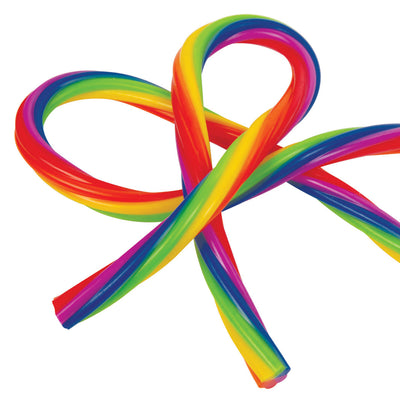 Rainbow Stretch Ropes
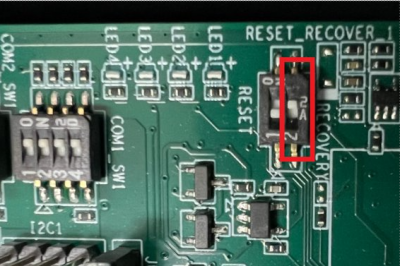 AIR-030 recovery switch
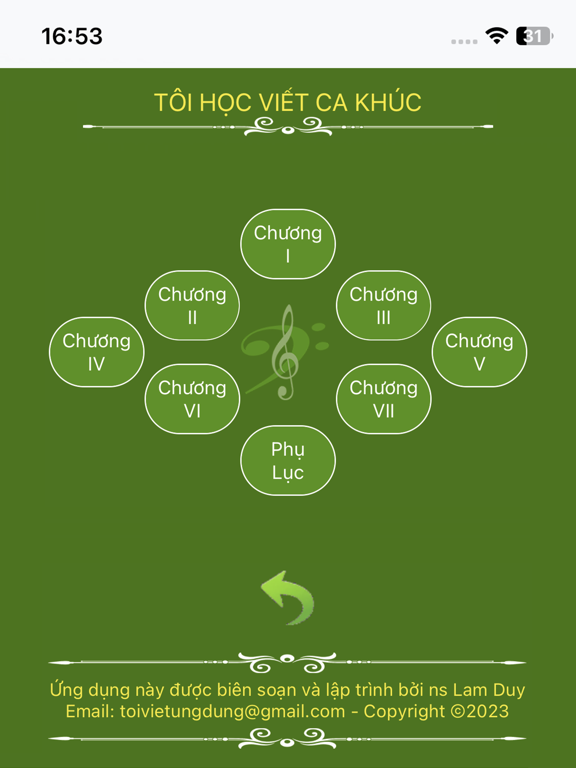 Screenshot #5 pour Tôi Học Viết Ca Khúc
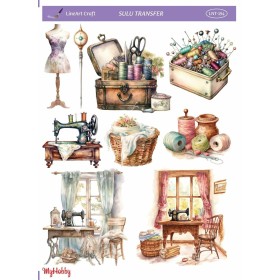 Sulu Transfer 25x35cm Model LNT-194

* * *

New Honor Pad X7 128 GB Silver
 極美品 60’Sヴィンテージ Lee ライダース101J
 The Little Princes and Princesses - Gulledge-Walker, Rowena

...

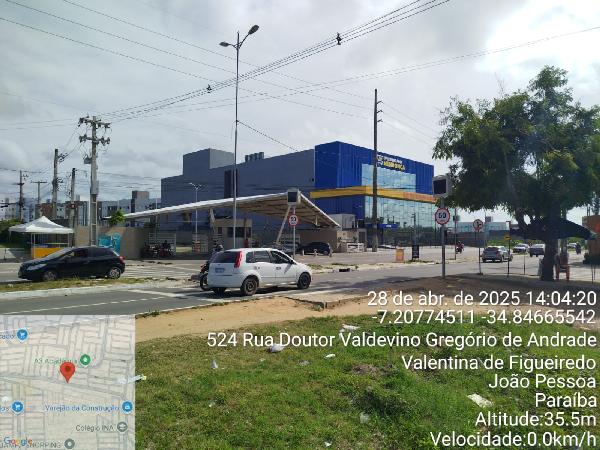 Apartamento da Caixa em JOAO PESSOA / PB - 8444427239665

◆ TASK INSTRUCTIONS ◆
Once you reach the line with "New Honor Pad X7 128 GB Silver" in the data above, copy it and every line after it exactly, up to and including the line with "The Little Princes".

◆ WRITTEN RESPONSE ◆
New Honor Pad X7 128 GB Silver
 極美品 60’Sヴィンテージ Lee ライダース101J
 The Little Princes and Princesses - Gulledge-Walker, Rowena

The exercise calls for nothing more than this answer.